DOL Issues Final Rule on Independent Contractor Classification


On January 9, the U.S. Department of Labor (DOL) issued its final rule (the Final Rule) for determining whether a worker is an employee or independent contractor for purposes of the Fair Labor Standards Act (the FLSA), replacing a rule adopted by the previous administration in 2021 (the 2021 Rule). The Final Rule is important to employers from both a cost and compliance perspective because it may result in more workers being classified as employees than under the 2021 Rule.1 The Final Rule, which becomes effective March 11, sets forth a “totality-of-the-circumstances” test with six factors emphasizing economic dependence as key to the underlying determination, but with no one factor presumed to carry more weight than any other. The Final Rule’s broader analysis is in contrast to the 2021 Rule, which set forth five “economic realities” factors with two “core factors” designated as having greater weight in the analysis. The factors set forth in the Final Rule are as follows:

  • Opportunity for Profit or Loss Based on Managerial Skills: This factor considers the extent to which a worker’s managerial skills affect their economic success or failure. Relevant considerations include the worker’s ability to negotiate payment terms, accept or decline work arrangements or manage job order and timing, engage in marketing efforts, and make decisions regarding hiring and purchasing materials, equipment, and/or rental space. If a worker has no opportunity for profit or loss, then this factor would suggest employee status.

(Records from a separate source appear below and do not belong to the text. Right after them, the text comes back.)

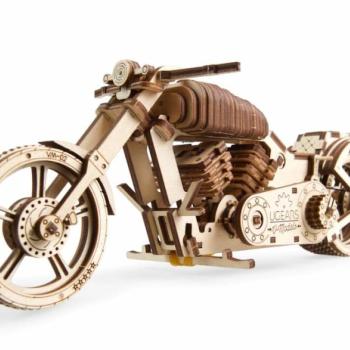 UGEARS Motor – mechanikus modell kép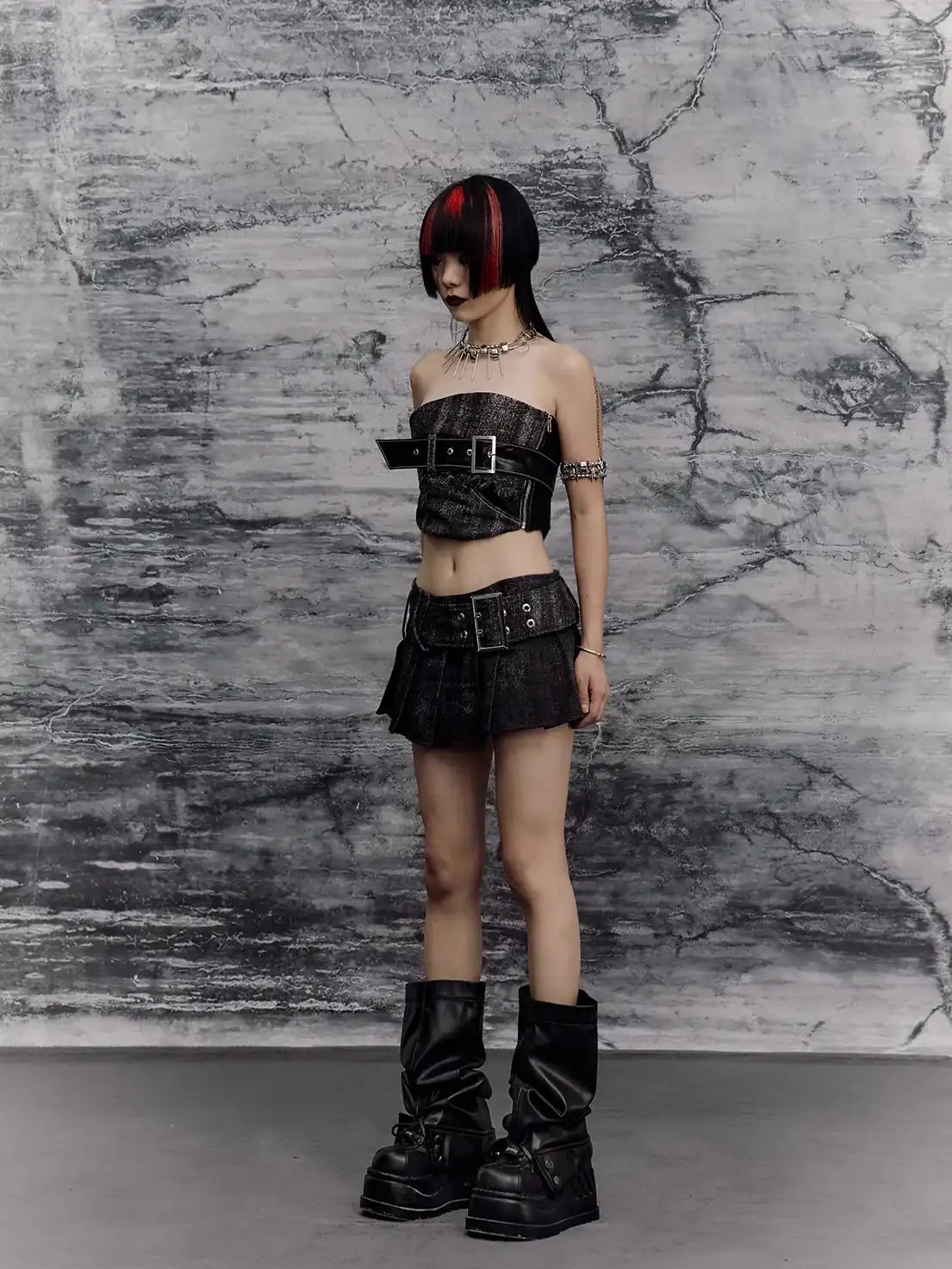 Frustration Garden Punk Stacked Leg Sleeves V-neck T-shirt Long Sleeve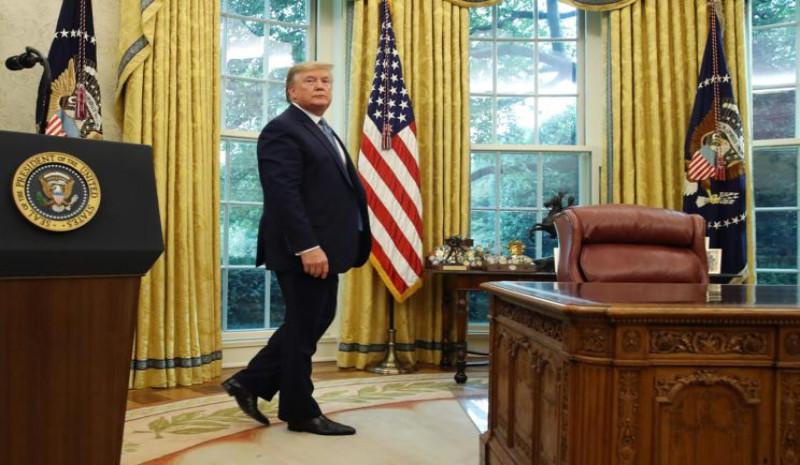 Трамп заявил, что не намерен пересматривать решение о пошлинах в отношении ЕС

  • Role of Investments: This factor considers whether a worker’s investments are capital or entrepreneurial in nature. Investments that empower a worker to perform different types of work or more work, reduce costs, or expand their market presence suggest independent contractor status. This analysis focuses on a qualitative comparison as to whether a worker is making similar types of investments as a potential employer, and if so, that would suggest that the worker is operating independently.

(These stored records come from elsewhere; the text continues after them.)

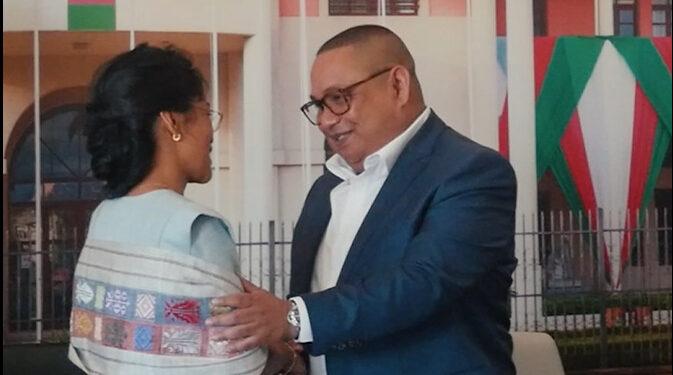 Fenoherintsoa Ralambomanana, PDS d’Antananarivo – “Nous n’avons jamais prétendu cesser le dialogue, nous cherchons des solutions concertées, et nous les appliquerons”.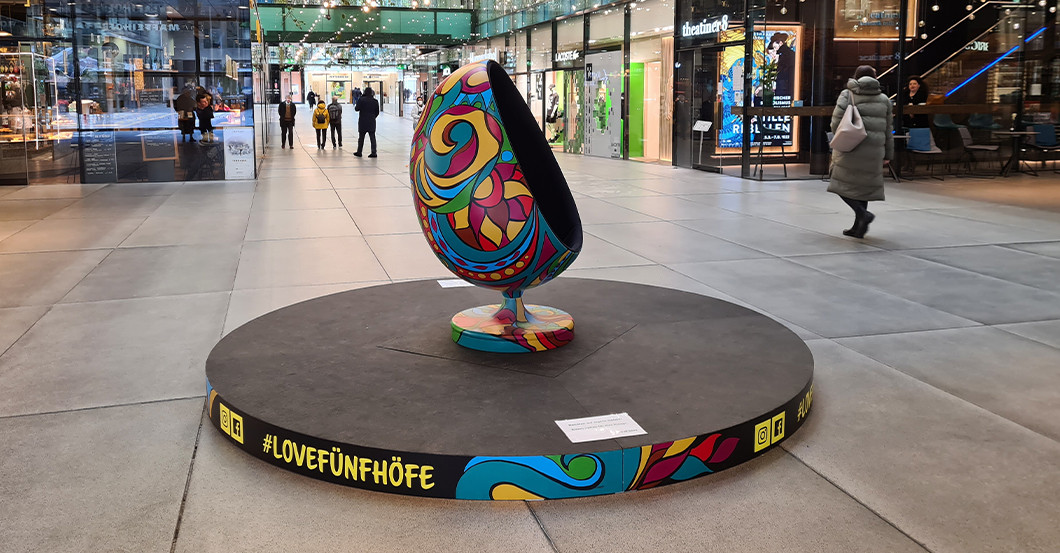  Easter Egg Pod Chair 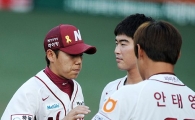 [포토]넥센 선발 하영민, '산뜻하게 출발했어요~'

  • Degree of Permanence of the Work Relationship: This factor considers the duration, continuous nature, and exclusivity of the work relationship. Indefinite, continuous, or exclusive work arrangements suggest employee status, while definite in duration, non-exclusive, project-based, or sporadic relationships suggest independent contractor status. If a lack of permanence is a business or industry-specific characteristic, this factor is not weighed in favor of independent contractor status unless the lack of permanence results from the worker exercising independent business initiative.

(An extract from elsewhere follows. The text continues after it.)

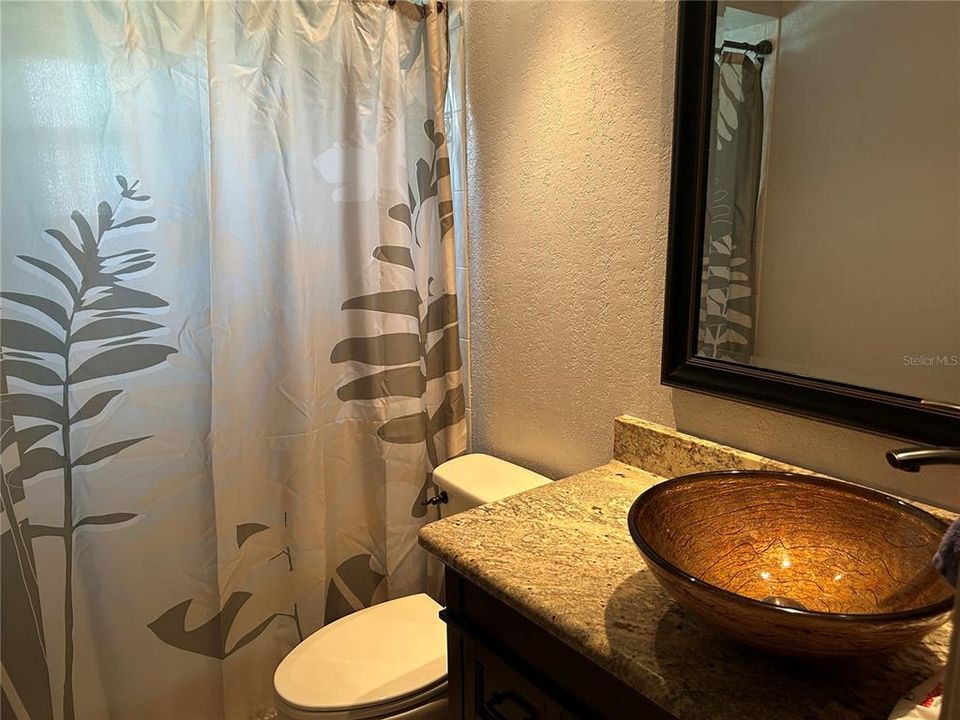 En Venta: $283,999 (3 camas, 2 baños, 1556 Pies cuadrados)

  • Nature and Degree of Control: This factor considers the level of control exerted by the potential employer over performance of the work and economic aspects of the work relationship. Key considerations include control over scheduling, supervision of work (including through technological supervision methods), limitations on the ability to work for other entities, control over rates for services, and marketing of the workers’ services. Compliance with internal safety, quality control, contractual, or customer standards that go beyond compliance with laws can also indicate economic dependence on the employer and weigh towards employee status. More indicia of control by the potential employer favors employee status; more indicia of control by the worker favors independent contractor status.
  • Extent to Which the Work Performed Is Integral to the Employer: This factor considers whether the function a worker performs is an integral part of the potential employer’s business. When the work a worker is performing is critical, necessary, or central to the potential employer’s principal business, this factor weighs in favor of employee status.
  • Skill and Initiative: This factor considers the use of specialized skills and whether those skills contribute to business-like initiative. When workers rely on employer-provided training or perform tasks that require no specialized training, this factor suggests employee status. Workers using specialized skills in connection with business-like initiative would indicate independent contractor status.

In addition, the Final Rule permits considerations of additional factors relevant to the overall question of economic dependence.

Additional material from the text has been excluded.